-- EXTRACTED ENTRIES --
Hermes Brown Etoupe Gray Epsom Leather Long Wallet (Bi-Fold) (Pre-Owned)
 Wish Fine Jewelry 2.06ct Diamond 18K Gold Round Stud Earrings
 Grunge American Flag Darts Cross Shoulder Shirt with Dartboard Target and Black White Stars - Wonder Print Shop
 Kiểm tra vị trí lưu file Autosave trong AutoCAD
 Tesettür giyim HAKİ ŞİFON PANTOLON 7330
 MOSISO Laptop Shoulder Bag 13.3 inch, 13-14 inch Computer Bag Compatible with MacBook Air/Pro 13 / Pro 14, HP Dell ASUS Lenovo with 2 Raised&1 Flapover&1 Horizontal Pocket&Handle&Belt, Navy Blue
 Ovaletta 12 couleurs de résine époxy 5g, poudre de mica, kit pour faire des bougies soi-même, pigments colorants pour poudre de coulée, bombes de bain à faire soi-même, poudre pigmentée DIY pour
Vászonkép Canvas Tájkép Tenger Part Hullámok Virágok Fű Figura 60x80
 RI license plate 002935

-- TASK TO COMPLETE --
Pick out all lines from the data above in which the word "with" appears.

-- RESPONSE BELOW --
 Grunge American Flag Darts Cross Shoulder Shirt with Dartboard Target and Black White Stars - Wonder Print Shop
 MOSISO Laptop Shoulder Bag 13.3 inch, 13-14 inch Computer Bag Compatible with MacBook Air/Pro 13 / Pro 14, HP Dell ASUS Lenovo with 2 Raised&1 Flapover&1 Horizontal Pocket&Handle&Belt, Navy Blue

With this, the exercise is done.